« Tout le secret des choses tient dans le chant d’un oiseau ». Cette phrase de Hen­ry-David Thore­au, le poète nan­tais Roland Hal­bert la fait sienne. Il nous le mon­tre dans deux livres éton­nants pub­liés con­join­te­ment : Le Par­loir aux oiseaux et La bec­quée du haïku.

       Si pour cer­tains auteurs la poésie est d’abord une affaire de « poéthique », elle est avant tout « poésique » pour Roland Hal­bert : une expres­sion qu’il a forgée lui-même, désig­nant cette alliance de la poésie et de la musique. Cer­taines de ses œuvres ont, d’ailleurs, déjà don­né lieu à des créa­tions musi­cales, comme ce fut le cas en 2008, à Paris, pour sa Chantelet­tre, hom­mage à Sainte Cécile.

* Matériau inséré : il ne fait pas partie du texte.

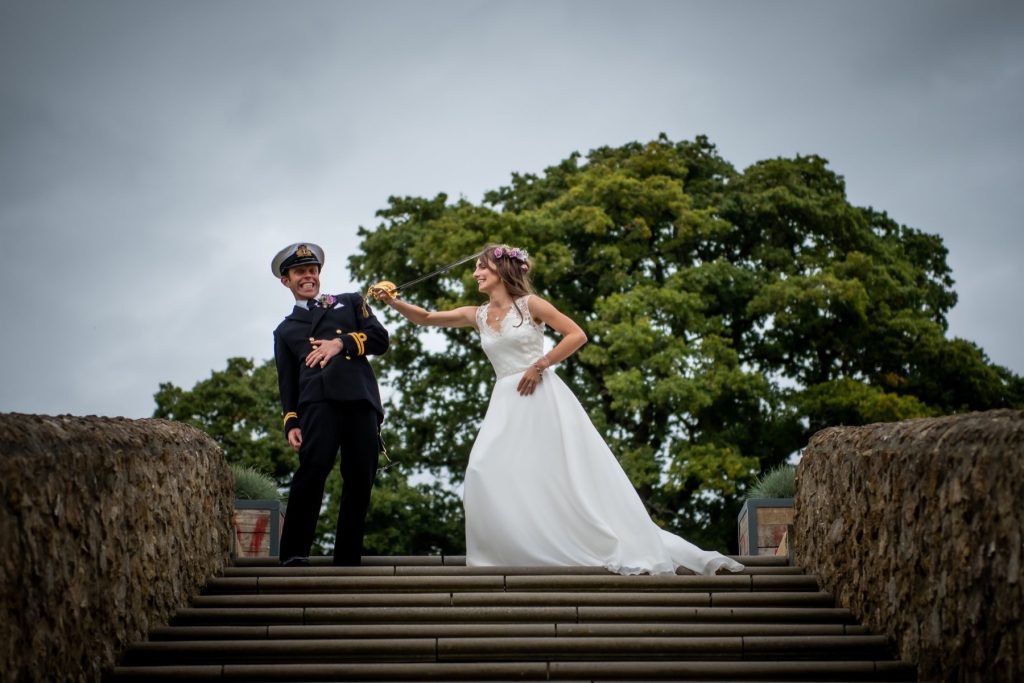 Groom in dress uniform and bride holding hands at the top of stone steps beneath a large tree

     Nul doute que son Par­loir aux oiseaux – cinq chanterelles à saint François d’Assise – con­naisse le même sort. N’en-a-t-il  pas lu des extraits lors du fes­ti­val François d’Assise/Olivier Mes­si­aen, en l’église saint François d’Assise, dans le 19e arrondisse­ment de Paris ? C’était en octo­bre 2012.

     

    Une chanterelle ? Qu’est-ce à dire ?  En réal­ité, un genre poé­tique, comme l’explique lui-même Roland Hal­bert, « inven­té sur le mod­èle de la chante­fa­ble médié­vale où alter­nent les vers (chants) et la prose (pas­sages nar­rat­ifs) ». Les chanterelles à saint François évo­quent ain­si  les hauts lieux de l’Italie fran­cis­caine, con­vo­quent les poètes qui ont par­lé du poverel­lo (Claudel, Jammes…) et « ques­tion­nent » cinq représen­ta­tions pic­turales des Prédi­ca­tions aux oiseaux.

     

     Voilà pour le con­tenu. Sur la forme, on a véri­ta­ble­ment affaire à un Objet Poé­tique Non Iden­ti­fié (OPNI) alter­nant par­ti­tions de musique, tran­scrip­tions de chants d’oiseaux (« iô, iô, iô, iô… ») et textes poé­tiques. « Le soir/dans le jardin des clarisses/un rouge-queue à tête blanche/ne cesse d’appeler/de sa note insatiable/comme un grain de pitié sur la margelle d’un puits ».

     Les mots divaguent dans les pages, se lisent à la ver­ti­cale ou à l’horizontale, en cer­cle ou en escalier. Esprits cartésiens, s’abstenir… Le livre de Roland Hal­bert – d’une pro­fonde orig­i­nal­ité formelle – échappe à toute clas­si­fi­ca­tion. Il peut dérouter plus d’un.

    

                                                                                           …/…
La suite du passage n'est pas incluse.